The hidden risks of isolated Zero Trust

The dangers of relying solely on Zero Trust are rarely dramatic or immediately visible. Instead, they accumulate gradually as friction, delays and workarounds that compound into systemic vulnerability.

Intelligence becomes trapped at classification boundaries, awaiting manual review or physical movement. Decision timelines stretch out as analysts wait for data that cannot cross domains without human mediation. Commanders hesitate because they cannot trust the integrity of information received through improvised, non-standard channels. Over time, this degrades not only the organisation’s tempo but also its coalition partners’ confidence.

These are not abstract fears. Over half of security professionals surveyed in the CYBER360 report cited data tampering or theft as the most serious consequence of insecure data transfer, closely followed by compromised intelligence or communications and disrupted operational readiness.

And with attack volumes against defence and critical service organisations increasing, as adversaries exploit gaps created by legacy systems, manual workflows and uneven interoperability across allied networks, Zero Trust is no longer enough.

Building a data-centric framework

The solution emerging across defence and critical national sectors is a shift from protecting the network to protecting the data itself.

A data-centric approach applies controls directly to the information object, ensuring that the data remains governed, verified and protected no matter who accesses it, where it travels or which networks it crosses.

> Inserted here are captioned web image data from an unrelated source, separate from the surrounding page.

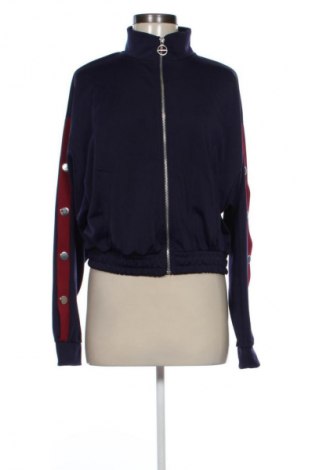 Női sport felső Bershka, Méret M, Szín Kék, Ár 10 569 Ft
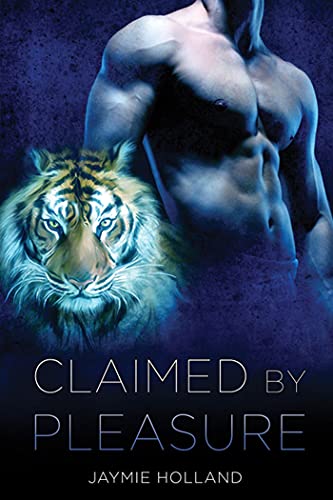 cover image Claimed by Pleasure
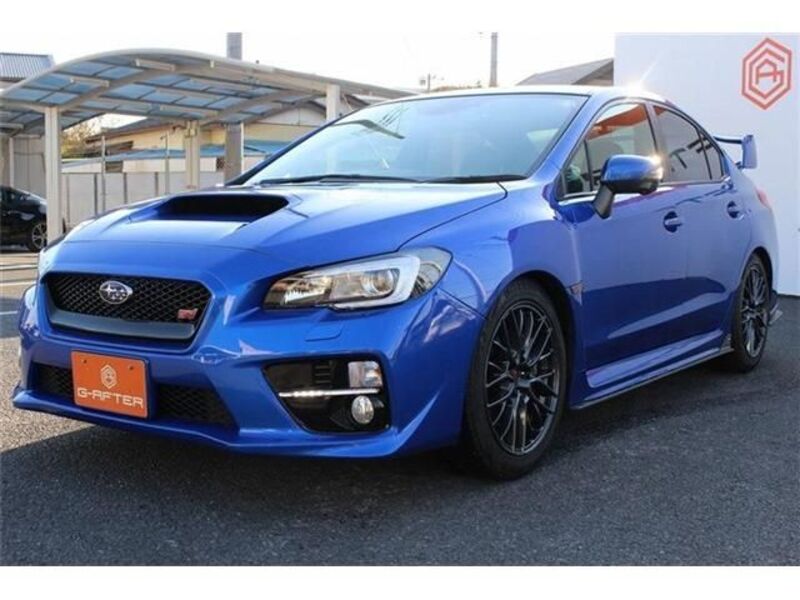 WRX STI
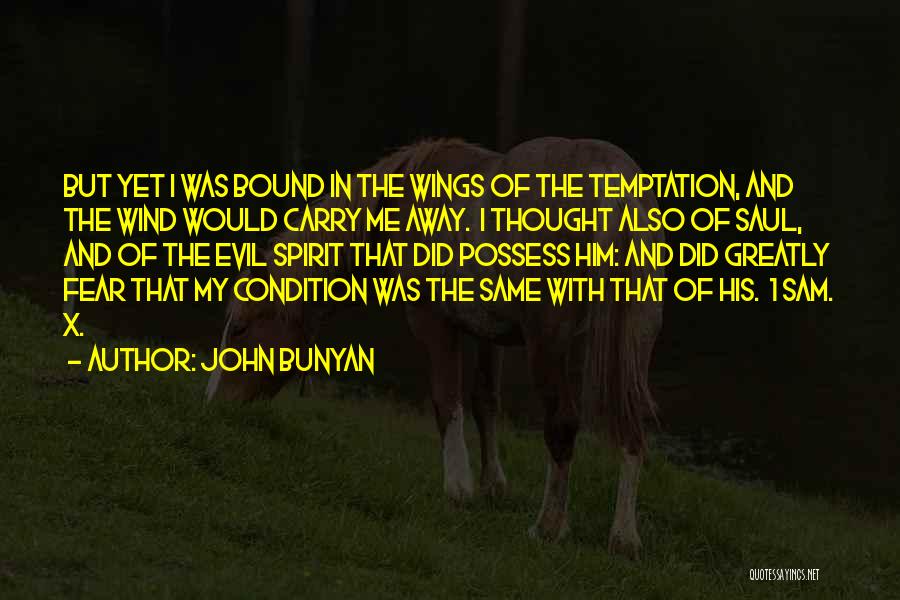 Arnwine Surname Quotes By John Bunyan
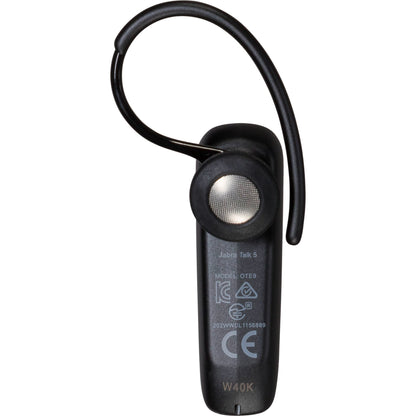Jabra Talk 5 black Wireless Mono Headset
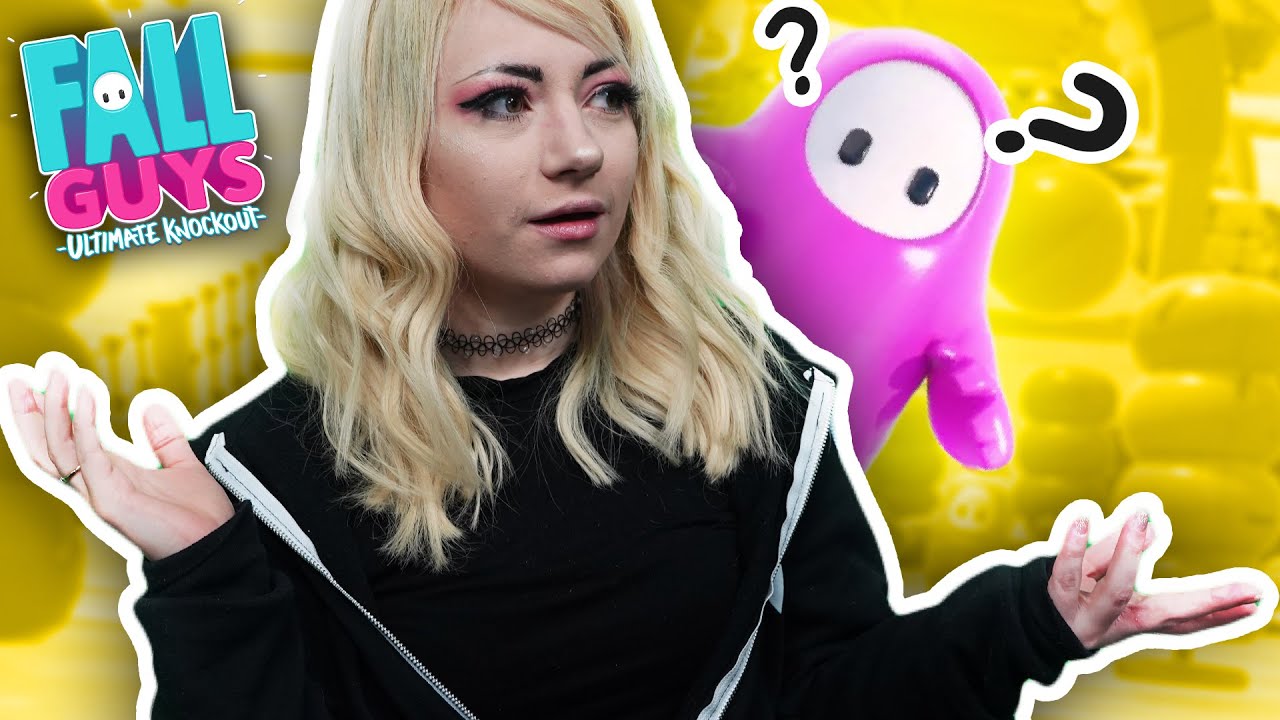 Bouphe's Hard Truth (Fall Guys)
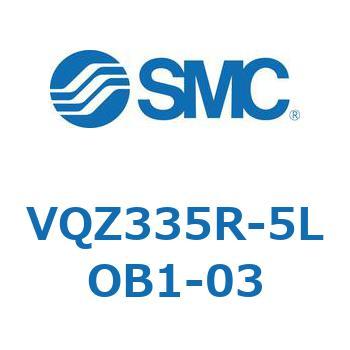 VQ Series(VQZ335～) SMC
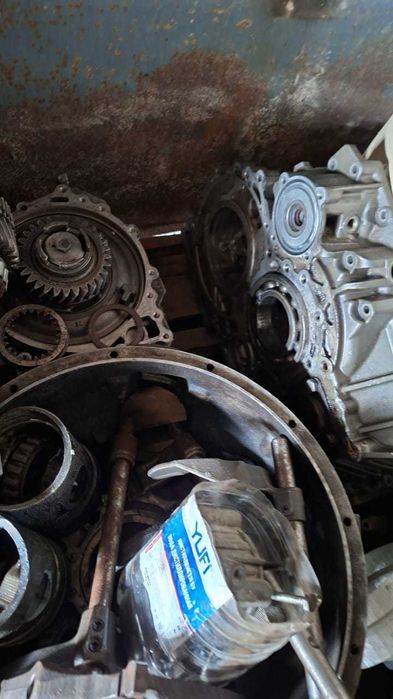 КПП DAF коробка для тягача ZF 16 s181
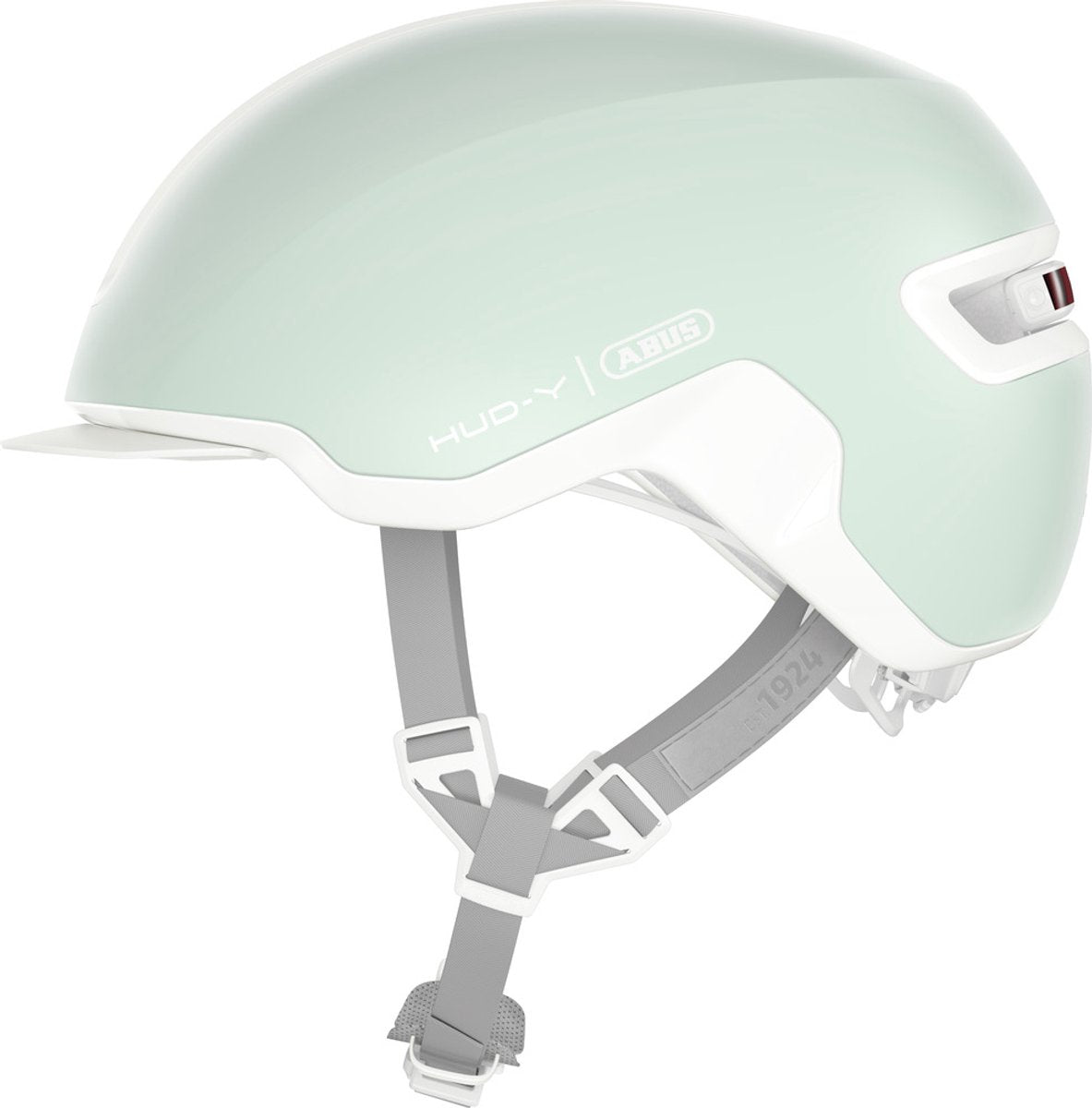 ABUS Helm Hud-y Pure Mint M 54-58 cm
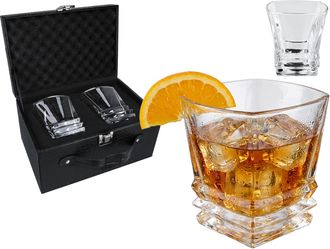 OEM Juego De 2 Vasos De Whisky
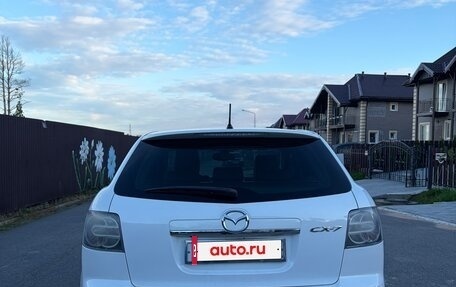 Mazda CX-7 I рестайлинг, 2011 год, 920 000 рублей, 6 фотография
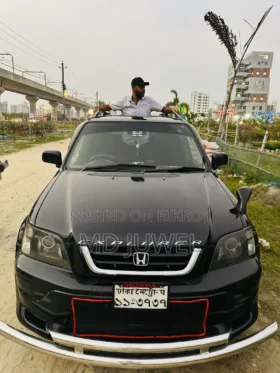 Used 2001 Honda CR-V 2.0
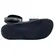 Chinelo BRsport Slide Napa Way Preto/Cinza Masculino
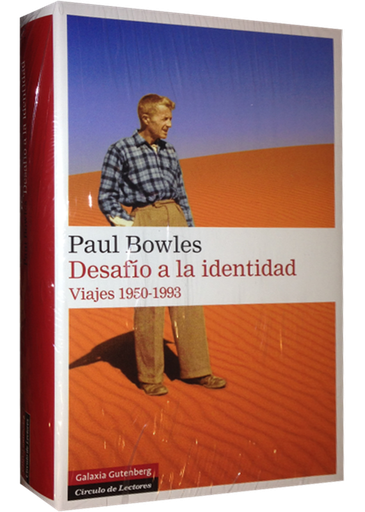 [9788415472803] DESAFIO A LA IDENTIDAD: VIAJES 1950-1993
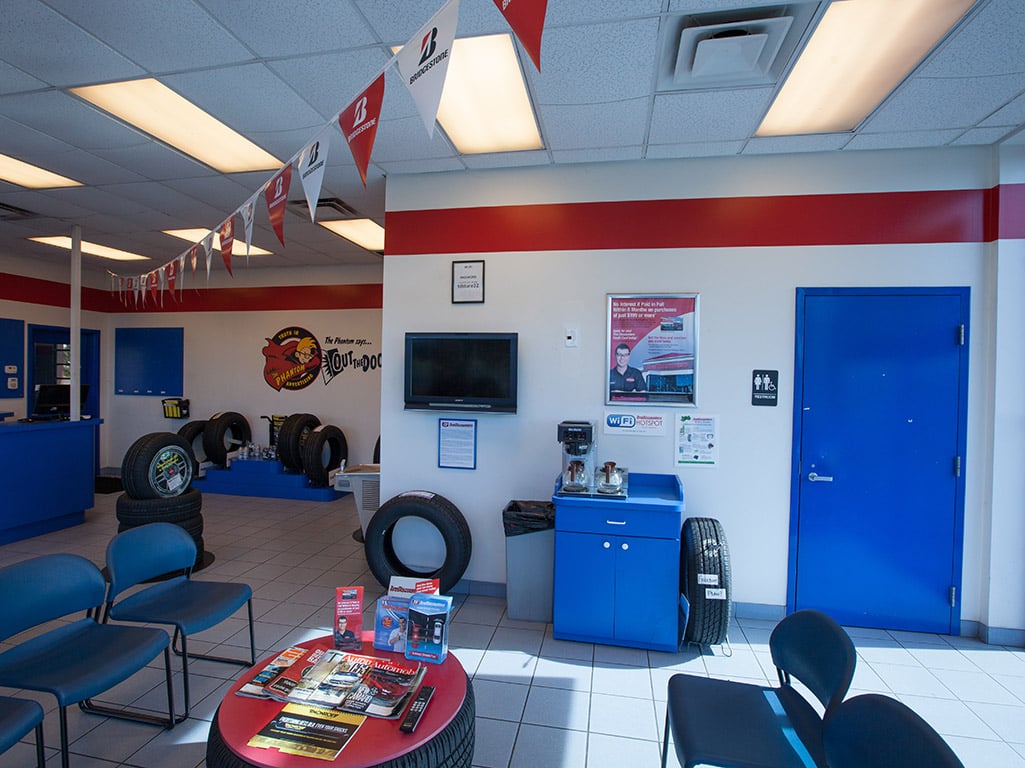 Tire Discounters Union Center tires, alignment, brakes, autoglass in
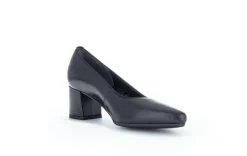 Højhælede Sko, Sort, 41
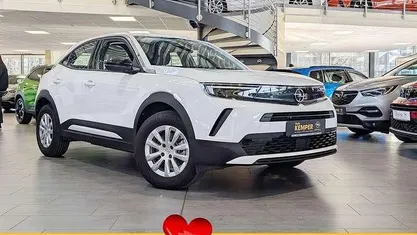 Weiß Gebraucht 2022 Opel Mokka-e Edition SUV | 17.850 € (Guter Preis)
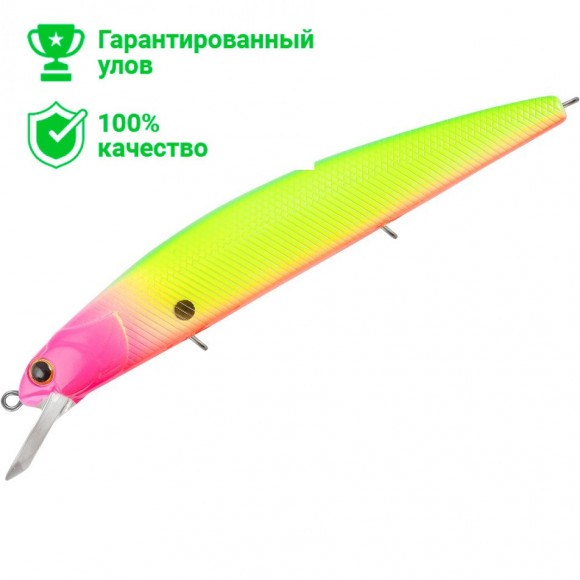 Воблер TsuYoki CHANCE 115SP Y313 Воблер TsuYoki CHANCE 115SP Y313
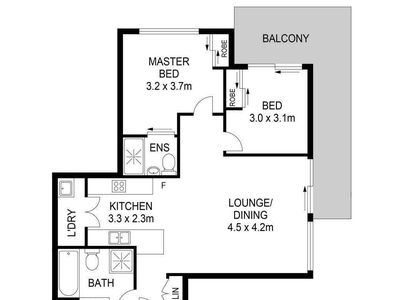 13 / 8 - 14 Oxford Street, Blacktown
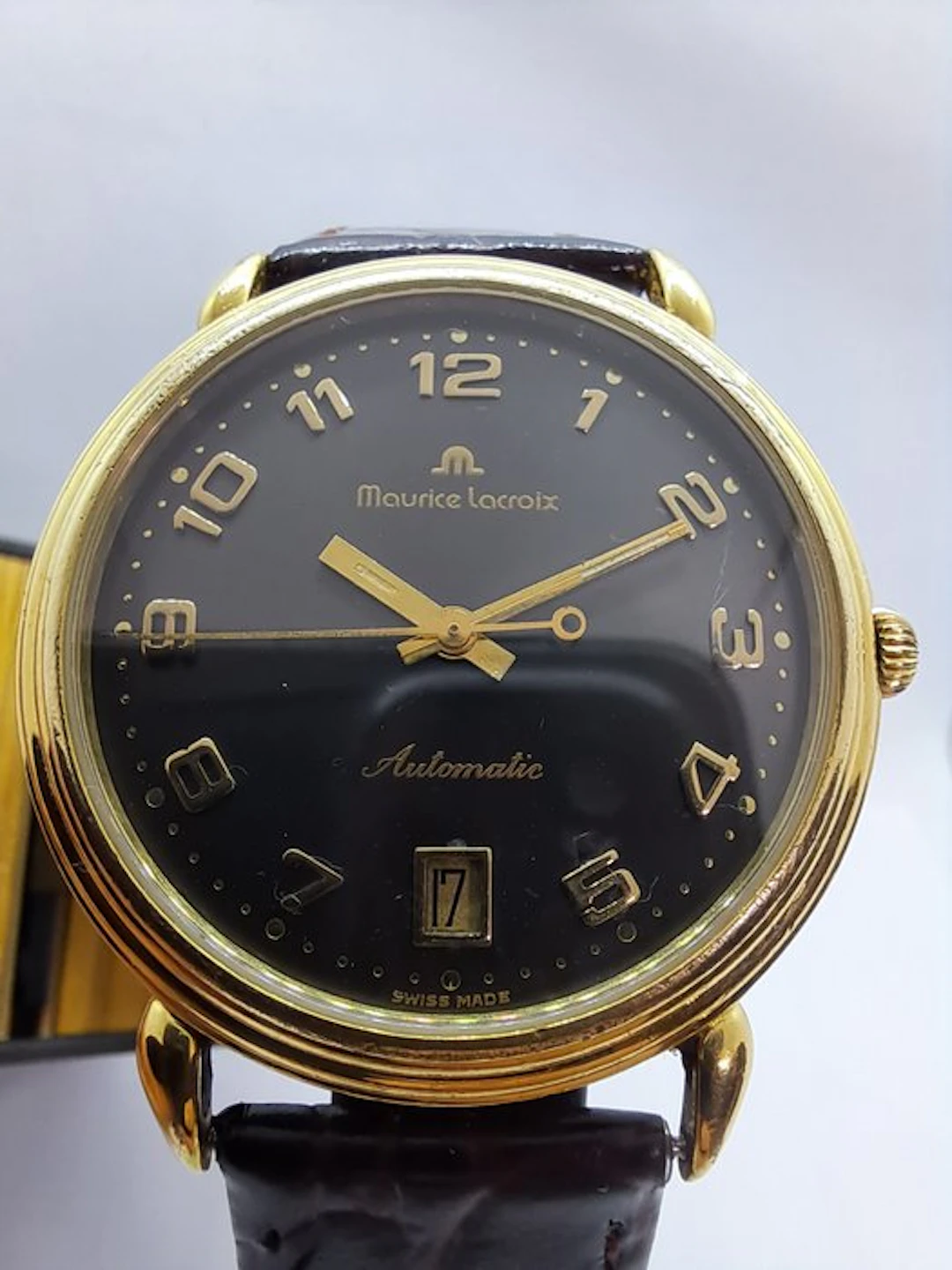 Maurice Lacroix - Masterpiece - Style 11407 Movimiento...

It also recognises that the challenges in securing data access, transfer and sharing cannot be overcome with a single framework. Protecting that movement requires an integrated architecture built on three mutually reinforcing pillars:

  • Zero Trust Architecture (ZTA) for continuous verification
  • DataCentric Security (DCS) for persistent, portable protection
  • Cross Domain Solutions (CDS) for secure, policy-enforced data exchange across classification levels

Together, these frameworks form a cohesive system where trust is established through policy and cryptographic assurance, not by the boundaries between networks.

The path to mission assurance

To achieve mission assurance, organisations must adopt an integrated model that combines ZTA, DCS and CDS. The path to this can be built through four critical steps.

Prioritise data over perimeter controls

Security must follow the data wherever it travels. Embedding labelling, classification, and usage policies into the data itself ensures it remains protected across networks, partners and operational environments.

Bake interoperability into system design

Architects should assume multi-domain and coalition operations from day one. Combining Zero Trust for identity assurance, data-centric protection for content integrity, and Cross Domain Solutions for trusted exchange enables fast, policy-driven collaboration.

Balance sharing with sovereignty

Policy-based controls should dynamically enforce what can be shared, with whom, and under what conditions, maintaining national or organisational sovereignty while supporting operational integration.

Maintain domain separation while modernising

CDS solutions make it possible to upgrade systems without disrupting missions by isolating sensitive data flows while still connecting legacy and modern platforms.

Digital warfare has rewritten the rules of engagement

The battlespace is now a network of networks, where alliances depend on fast, reliable and sovereign data sharing. In this environment, Zero Trust remains essential, but insufficient. Its strengths in identity and perimeter verification cannot solve the challenge of moving high-value data across domains and partners.

By embracing a data-centric model anchored by Zero Trust, Data Centric Security and Cross Domain Solutions, organisations can achieve what neither approach can deliver alone: trusted data in motion at mission speed. And in the digital battlespace, that is now the decisive advantage.